Acceptability and readability of ChatGPT-4 based responses for frequently asked questions about strabismus and amblyopia

S Guven; B Ayyildiz

doi:10.1016/j.jfo.2024.104400

Acceptability and readability of ChatGPT-4 based responses for frequently asked questions about strabismus and amblyopia

J Fr Ophtalmol. 2024 Dec 20;48(3):104400. doi: 10.1016/j.jfo.2024.104400. Online ahead of print.

Authors

S Guven¹, B Ayyildiz²

Affiliations

¹ Kayseri City Hospital, Department of Ophthalmology, Kayseri, Turkey. Electronic address: [email protected].
² Kayseri City Hospital, Department of Ophthalmology, Kayseri, Turkey.

PMID: 39708624
DOI: 10.1016/j.jfo.2024.104400

Abstract

Purpose: To evaluate the compatibility and readability of ChatGPT-4 in providing responses to common inquiries about strabismus and amblyopia.

Materials and methods: A series of commonly asked questions were compiled, covering topics such as the definition, prevalence, diagnostic approaches, surgical and non-surgical treatment alternatives, postoperative guidelines, surgery-related risks, and visual prognosis associated with strabismus and amblyopia.
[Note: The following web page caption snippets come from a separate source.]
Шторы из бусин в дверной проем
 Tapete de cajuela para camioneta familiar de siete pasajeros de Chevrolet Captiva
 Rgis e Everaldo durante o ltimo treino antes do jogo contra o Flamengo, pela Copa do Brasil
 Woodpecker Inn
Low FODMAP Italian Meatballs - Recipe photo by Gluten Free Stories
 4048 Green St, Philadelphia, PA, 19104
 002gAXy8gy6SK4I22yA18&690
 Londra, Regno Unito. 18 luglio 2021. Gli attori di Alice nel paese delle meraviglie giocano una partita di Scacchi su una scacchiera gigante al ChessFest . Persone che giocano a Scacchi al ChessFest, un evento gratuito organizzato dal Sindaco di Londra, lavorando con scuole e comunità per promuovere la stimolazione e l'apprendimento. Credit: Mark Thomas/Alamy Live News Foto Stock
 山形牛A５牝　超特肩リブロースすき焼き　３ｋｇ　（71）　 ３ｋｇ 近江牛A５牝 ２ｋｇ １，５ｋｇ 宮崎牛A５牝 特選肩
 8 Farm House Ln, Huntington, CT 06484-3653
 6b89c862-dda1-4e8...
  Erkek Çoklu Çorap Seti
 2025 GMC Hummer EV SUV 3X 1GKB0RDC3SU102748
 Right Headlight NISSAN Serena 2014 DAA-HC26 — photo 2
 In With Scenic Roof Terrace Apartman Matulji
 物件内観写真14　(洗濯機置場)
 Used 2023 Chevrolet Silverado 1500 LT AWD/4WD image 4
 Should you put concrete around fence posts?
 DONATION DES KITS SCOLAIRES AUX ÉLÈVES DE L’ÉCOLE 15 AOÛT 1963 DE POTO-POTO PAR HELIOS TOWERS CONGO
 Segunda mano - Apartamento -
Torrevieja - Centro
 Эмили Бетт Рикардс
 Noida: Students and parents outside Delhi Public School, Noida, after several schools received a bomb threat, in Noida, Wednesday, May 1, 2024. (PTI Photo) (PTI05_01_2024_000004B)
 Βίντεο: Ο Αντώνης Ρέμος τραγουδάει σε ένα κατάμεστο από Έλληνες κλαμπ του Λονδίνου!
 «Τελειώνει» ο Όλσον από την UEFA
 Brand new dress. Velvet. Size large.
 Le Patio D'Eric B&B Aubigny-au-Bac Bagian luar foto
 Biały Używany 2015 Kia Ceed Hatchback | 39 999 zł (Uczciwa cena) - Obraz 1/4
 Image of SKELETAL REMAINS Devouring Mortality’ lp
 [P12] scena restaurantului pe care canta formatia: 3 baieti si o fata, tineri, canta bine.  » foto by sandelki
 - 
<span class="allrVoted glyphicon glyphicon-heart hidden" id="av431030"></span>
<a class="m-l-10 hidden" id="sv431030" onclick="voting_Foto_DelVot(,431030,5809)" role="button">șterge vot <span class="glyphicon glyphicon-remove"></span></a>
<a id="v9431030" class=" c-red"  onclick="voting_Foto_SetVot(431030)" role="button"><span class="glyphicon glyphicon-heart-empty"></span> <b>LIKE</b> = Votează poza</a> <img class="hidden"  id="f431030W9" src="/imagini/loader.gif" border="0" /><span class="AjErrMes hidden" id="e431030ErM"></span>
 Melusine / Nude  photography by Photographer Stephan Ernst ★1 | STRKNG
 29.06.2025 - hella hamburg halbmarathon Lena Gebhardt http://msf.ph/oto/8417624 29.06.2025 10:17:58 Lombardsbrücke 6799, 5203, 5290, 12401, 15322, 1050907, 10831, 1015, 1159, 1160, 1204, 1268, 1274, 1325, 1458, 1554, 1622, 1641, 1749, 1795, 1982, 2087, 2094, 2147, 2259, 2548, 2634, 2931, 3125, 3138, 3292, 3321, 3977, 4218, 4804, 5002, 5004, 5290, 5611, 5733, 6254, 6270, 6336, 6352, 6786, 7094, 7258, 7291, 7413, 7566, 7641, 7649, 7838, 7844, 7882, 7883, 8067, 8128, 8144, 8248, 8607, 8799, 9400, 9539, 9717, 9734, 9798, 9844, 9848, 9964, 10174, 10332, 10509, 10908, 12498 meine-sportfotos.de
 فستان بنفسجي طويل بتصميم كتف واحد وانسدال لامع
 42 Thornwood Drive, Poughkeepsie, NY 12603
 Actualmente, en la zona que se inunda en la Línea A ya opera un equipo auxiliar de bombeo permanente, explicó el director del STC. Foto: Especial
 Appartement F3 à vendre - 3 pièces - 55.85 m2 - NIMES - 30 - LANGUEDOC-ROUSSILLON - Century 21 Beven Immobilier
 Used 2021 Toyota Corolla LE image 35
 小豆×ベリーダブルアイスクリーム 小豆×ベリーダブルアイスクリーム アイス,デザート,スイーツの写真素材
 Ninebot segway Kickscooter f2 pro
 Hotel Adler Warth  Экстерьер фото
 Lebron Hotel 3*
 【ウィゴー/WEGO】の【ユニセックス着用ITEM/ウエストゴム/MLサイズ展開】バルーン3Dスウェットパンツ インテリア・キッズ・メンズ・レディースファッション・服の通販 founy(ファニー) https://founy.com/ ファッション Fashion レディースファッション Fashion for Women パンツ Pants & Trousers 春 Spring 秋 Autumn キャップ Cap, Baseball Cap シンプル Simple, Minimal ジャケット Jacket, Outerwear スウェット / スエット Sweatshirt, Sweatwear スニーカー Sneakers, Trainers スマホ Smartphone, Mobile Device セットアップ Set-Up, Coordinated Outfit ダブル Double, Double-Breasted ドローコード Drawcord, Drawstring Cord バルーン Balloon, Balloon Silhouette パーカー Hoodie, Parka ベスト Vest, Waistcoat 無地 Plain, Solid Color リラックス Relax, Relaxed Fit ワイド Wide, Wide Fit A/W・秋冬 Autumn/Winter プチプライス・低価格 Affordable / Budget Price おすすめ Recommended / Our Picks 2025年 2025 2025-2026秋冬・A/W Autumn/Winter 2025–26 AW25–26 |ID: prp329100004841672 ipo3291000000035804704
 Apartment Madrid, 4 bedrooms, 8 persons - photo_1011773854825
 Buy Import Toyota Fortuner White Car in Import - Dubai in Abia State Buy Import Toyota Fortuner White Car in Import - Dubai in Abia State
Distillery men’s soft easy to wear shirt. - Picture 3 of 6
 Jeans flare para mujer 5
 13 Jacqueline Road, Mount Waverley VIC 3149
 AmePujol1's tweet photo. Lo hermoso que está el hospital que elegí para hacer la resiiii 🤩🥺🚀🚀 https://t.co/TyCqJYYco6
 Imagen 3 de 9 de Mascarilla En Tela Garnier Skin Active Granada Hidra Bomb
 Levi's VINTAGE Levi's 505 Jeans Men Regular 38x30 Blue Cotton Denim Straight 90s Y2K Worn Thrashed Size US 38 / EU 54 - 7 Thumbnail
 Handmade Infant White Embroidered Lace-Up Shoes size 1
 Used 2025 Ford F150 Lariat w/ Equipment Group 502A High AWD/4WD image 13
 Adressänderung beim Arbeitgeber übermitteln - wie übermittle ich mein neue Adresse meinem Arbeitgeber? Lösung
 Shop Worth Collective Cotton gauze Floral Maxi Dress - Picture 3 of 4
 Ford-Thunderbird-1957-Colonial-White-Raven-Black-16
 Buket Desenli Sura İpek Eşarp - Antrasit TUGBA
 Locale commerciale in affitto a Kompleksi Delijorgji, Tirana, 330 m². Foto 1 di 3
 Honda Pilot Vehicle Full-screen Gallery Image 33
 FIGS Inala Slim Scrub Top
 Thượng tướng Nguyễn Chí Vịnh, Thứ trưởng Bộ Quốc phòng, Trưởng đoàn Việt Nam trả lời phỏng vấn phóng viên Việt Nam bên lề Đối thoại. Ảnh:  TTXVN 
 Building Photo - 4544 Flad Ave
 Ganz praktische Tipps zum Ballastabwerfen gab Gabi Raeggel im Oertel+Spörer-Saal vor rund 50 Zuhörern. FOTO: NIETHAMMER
Each question was asked three times on the online ChatGPT-4 platform both in English and French, with data collection conducted on February 18, 2024. The responses generated by ChatGPT-4 were evaluated by two independent pediatric ophthalmologists, who classified them as "acceptable," "unacceptable," or "incomplete." Additionally, an online readability assessment tool called "readable" was utilized for readability analysis.

Results: The majority of responses, totaling 97% of the questions regarding strabismus and amblyopia, consistently met the criteria for acceptability. Only 3% of responses were classified as incomplete, with no instances of unacceptable responses observed. The average Flesch-Kincaid Grade Level and Flesch Reading Ease Score were calculated as 14.53±1.8 and 23.63±8.2, respectively. Furthermore, the means for all readability indices, including the Coleman-Liau index, the Gunning Fog index, and the SMOG index, were found to be 15.75±1.4, 16.96±2.4, and 16.05±1.6, respectively.

Conclusions: ChatGPT-4 consistently produced acceptable responses to the majority of the questions asked (97%). Nevertheless, the readability of these responses proved challenging for the average layperson, requiring a college-level education for comprehension. Further improvements, particularly in terms of readability, are necessary to enhance the advisory capacity of this AI software in providing eye and health-related guidance for patients, physicians, and the general public.

Keywords: Amblyopia; Amblyopie; Artificial intelligence; ChatGPT-4; Intelligence artificielle; Strabisme; Strabismus.